Posted by: Bill Gordon L. Stafford at September 22, 2006 06:41 AM

Sounds like little Miss Matthew, the high school graduate that's never been in combat or likely even on the ground in a foreign country needs to learn to speak without the profanity. It speaks profoundly of his lack of class and poor taste. Judging from his website, he's quite the little man. Why not nuke the Palestinians? I can't think of a better place to start. Then we go after Iran, then Pakistan (for aiding and abetting criminals (Taliban and Al Quaida). I'm sure that most of the towel head countries will weigh into this before it's over.
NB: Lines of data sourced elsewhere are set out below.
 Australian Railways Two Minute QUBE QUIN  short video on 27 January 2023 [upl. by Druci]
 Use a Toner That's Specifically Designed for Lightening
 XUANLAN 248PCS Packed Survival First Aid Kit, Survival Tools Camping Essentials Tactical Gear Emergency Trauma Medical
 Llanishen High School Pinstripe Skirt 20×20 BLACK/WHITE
They've always wanted something that someone else has, only to destroy it with their lack of intelligence and foolish, 5th century ways. It's time to come out of the dark ages and join humanity and do what's best for the world, not just yourselves.
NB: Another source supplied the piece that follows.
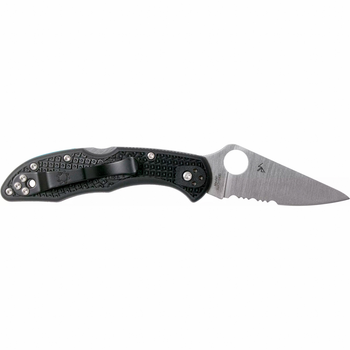 Нож Spyderco Delica 4 Lightweight Thin Blue Line (C11FPSBKBL)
Muhtahhar, you need to shut your little Pig mouth. You forget who has a country and who doesn't, and that the Palestinians didn't want any part of Israel until they made it work, both with agriculture and business. The towel heads (and Nation of Islam) have a long-standing history of terrorism and taking things from defenseless children. Let us know where you live, you little twerp, and maybe we can send a "team" there to put you out of OUR misery!

Posted by: Pete at September 22, 2006 06:27 AM

Allow the HIGH COMMAND--to decide WHOM,WHERE & WHEN--->>>then, eradicate Lebanon, Syria, Iran[any others who abet aforementioned Countries]. There are TWO sides in any war>>be it feuding families in GA.;TN.;KY;ALA>>Mountains, OR WORLD-WIDE--MAKES no difference--!!! Eliminate either party--AND no more WAR---!!! END my soapbox speech for today---acer28

Posted by: lawrence stanley,sr. at September 22, 2006 06:09 AM

This is quite a surprise. Sounds like the Israeli's messed up and didn't encrypt or "turn on" the freq hopping. Hez and Iran.

How do you guys feel about the dynamic duo with a nuke?

This again supports what I've thought all along. We are at war with Iran. The world just doesn't know it yet. We are in Iraq and Afganistan to watch Iran. Watch what happens when they get to the final stages of manufacturing a nuke. I'd say the show will start in the next two years. Iran is about to go back to the stone age.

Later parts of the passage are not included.